Bu yakın tarihte işler ne kadar değişti? 1998’de başlatılan bu komplo 2019’da nasıl bir durumda? Önderliğin İmralı’da tutulmasına ve üzerine uygulanan komploda asıl amaçlananı şöyle ifade edebilirmiyiz? “Önderlik şahsında Kürt ve Kürdistan halkları tecrit edilmek istendi. 9 Ekim 1998’de başlatılan komplonun anlamı da Kürt ve Kürdistan halklarının yürüttüğü özgürlük mücadelesinde başarıya ulaşmasını engellemek, bilhassa bu gücü kendi denetimine almak için uluslararası güçler bazı maşa güçler aracılığı ile Önderliğe bir komplo düzenledi ve gerçekleştirdi. Bu güçlerin Önder Apo’yu Orta Doğu’yu kan deryasına dönüştürecek Büyük Orta Doğu Projesine engel gördükleri için böyle bir süreç başlattıkları açıkça görülmektedir. Önderliğin ve Özgürlük Hareketinin amacı parçalamaya çalıştıkları Orta Doğu’yu birleştirmek ve Demokratikleştirmektir.” PKK’nin bütün Dünya kamuoyuna sıklıkla duyurduğu Halkların Kardeşliği ve Demokratik Konfederalizm Paradigması bunun ispatı değilmidir?
Peki neden 9 Ekim seçildi bu tarih için bir özelliği varmı bu tarihin? 9 Ekim’de gerçekleşen bir kaç olayı şöyle anlatalım.
Şêx Saîd’in katledilmesinin ve DAİŞ’in Kobanê’yi işgal saldırılarını ağırlaştırdığı tarih, Arjantinli devrimci Che Guevara’nın Bolivya’da katledilişinin 52. Yıl dönümü, Deniz Gezmiş ve 17 arkadaşının idama mahkum edildiği gündür. Önderliğe düzenlenen komploda 9 Ekim’de başlatılmıştır. Türk Devleti çeteleri ile beraber Rojava saldırısını ne zaman başlattı? 9 Ekim 2019. Rojava saldırısı ile Önderliğe düzenlenen komplodaki ortak nokta nedir? Devlet nezdinde varılan anlaşmalar sonucu bu saldırı kararının alındığı henüz saldırıların başladığı ilk günden açıkça görülmektedir. Hiçbir devlet bu saldırıları durdurmaya çalışmadı. Aksine, Rojava halkına boyun eğme, teslimiyet ve kendilerinin maşası olma dayatılmaktadır. Soykırım, katliam, komplolar için tarih 9 Ekim, mevsim ise Sonbahar seçilmiş.

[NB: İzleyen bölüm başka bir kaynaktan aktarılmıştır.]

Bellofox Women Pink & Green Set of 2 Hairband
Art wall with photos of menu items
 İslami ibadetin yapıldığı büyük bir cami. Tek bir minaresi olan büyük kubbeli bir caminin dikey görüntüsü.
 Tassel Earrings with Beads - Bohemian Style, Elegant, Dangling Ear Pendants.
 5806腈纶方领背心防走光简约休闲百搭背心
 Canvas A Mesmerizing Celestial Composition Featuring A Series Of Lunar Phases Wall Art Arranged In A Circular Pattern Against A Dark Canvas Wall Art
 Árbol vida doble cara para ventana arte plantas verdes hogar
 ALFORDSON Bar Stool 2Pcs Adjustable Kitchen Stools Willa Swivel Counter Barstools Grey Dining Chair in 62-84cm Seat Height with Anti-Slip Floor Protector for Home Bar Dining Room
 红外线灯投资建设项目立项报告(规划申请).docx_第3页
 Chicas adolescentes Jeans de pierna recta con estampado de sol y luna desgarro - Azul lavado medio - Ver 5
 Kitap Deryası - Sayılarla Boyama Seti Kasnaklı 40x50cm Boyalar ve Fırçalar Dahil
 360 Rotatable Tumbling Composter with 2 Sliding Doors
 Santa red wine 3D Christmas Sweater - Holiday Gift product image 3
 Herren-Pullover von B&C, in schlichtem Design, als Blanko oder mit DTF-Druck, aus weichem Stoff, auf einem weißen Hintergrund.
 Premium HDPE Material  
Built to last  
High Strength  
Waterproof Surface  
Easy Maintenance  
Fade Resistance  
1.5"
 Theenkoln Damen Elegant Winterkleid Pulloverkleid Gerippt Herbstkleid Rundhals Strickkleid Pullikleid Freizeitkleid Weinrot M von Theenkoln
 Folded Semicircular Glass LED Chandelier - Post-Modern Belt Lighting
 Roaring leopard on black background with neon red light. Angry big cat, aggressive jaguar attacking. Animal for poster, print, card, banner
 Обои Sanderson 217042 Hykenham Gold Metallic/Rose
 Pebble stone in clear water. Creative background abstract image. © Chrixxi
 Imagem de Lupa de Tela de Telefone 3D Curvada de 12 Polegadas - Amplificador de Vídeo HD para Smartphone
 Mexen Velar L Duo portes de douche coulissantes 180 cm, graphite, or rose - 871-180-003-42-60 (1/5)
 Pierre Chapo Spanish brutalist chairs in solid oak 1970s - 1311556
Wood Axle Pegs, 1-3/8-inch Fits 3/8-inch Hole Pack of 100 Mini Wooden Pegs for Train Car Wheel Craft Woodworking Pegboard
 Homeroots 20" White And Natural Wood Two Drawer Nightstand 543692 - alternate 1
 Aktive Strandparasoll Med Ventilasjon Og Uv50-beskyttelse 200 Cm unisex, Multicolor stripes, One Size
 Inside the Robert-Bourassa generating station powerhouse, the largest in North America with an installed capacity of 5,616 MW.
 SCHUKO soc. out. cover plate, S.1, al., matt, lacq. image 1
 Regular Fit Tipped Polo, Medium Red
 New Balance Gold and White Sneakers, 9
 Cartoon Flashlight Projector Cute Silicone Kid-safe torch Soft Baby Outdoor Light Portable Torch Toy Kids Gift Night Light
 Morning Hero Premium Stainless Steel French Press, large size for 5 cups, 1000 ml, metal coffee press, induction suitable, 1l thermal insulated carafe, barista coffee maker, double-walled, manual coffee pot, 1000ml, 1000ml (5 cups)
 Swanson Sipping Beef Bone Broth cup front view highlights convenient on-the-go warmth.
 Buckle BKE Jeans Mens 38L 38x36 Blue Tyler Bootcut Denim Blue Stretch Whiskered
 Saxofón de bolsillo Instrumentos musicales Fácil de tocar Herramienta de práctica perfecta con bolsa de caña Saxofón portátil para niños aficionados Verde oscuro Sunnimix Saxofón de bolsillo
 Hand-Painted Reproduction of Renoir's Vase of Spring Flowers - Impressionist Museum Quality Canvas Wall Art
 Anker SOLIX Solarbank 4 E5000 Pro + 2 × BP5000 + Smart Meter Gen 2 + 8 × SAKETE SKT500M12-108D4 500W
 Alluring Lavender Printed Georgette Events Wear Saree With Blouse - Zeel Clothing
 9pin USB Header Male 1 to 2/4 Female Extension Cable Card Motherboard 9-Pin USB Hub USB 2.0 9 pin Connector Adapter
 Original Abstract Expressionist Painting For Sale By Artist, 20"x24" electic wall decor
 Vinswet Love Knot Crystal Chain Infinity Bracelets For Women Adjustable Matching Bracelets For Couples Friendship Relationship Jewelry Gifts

Önceki yüzyılın en büyük kurbanlarından olan Kürt halkı bu yüzyılda en büyük kazanımları elde etme şansına sahip. 21. yüzyılda verilen bu soykırım ve katliam kararı, belki de son karar olabilir. Hem kürtler açısından olumlu sonuçlar doğurabilecek, diğer taraftan da Kürdü bir daha kendine gelemeyecek hale getirme potansiyeli vardır. Kürt ve Kürdistan halklarının yürüttüğü mücadele Dünya halkları tarafından takip edilir ve takdir edilir bir duruma gelmiştir. Ancak bu destek halklar nezdindedir, hükümetler kendi emperyalist çıkarlarını ön planda tutmaktadır. Kürt halkı Halklar Önderi Serok Apo’nun da belirttiği bir pozisyona gelmek zorundadır. Önder Apo sürekli ulusal birliğe çağrı yapmakta ve ulusal birliğin her zamankinden çok daha güçlü bağlarla sağlanması gerektiğini belirtmiştir. Bu Sonbaharı kazanıma çevirecek 2 hayati nokta vardır ve bu noktalar da Ulusal Birliğin sağlanması, Kürt Halkının bu temelde bu savaşa katılmasıdır. Önder Apo 90’lı yıllarda da halka yaptığı bir çağırısında “Mücadelemiz bütün Dünya halkları tarafından görülecek ve takip edilecektir. Ancak Kürt Halkı kendi savaşını vermek zorundadır. Dünya halkları seninle ise sen kendi savaşınla değilsen yenilirsin. Dünya seninle değilse ve sen kendi savaşını verirsen kazanırsın” demiştir. Bu temelde yeni bir milad’dır 9 Ekim 2019 saldırısı. 19 Temmuz 2012 Rojava Devrimi’nden çok daha büyük, çok daha kanlı ve daha uzun sürecek bir Sonbaharın başlangıcıdır. Kazanmak uğruna Ulusal Birliğin mutlak sağlanması fırsatının son Sonbaharıdır.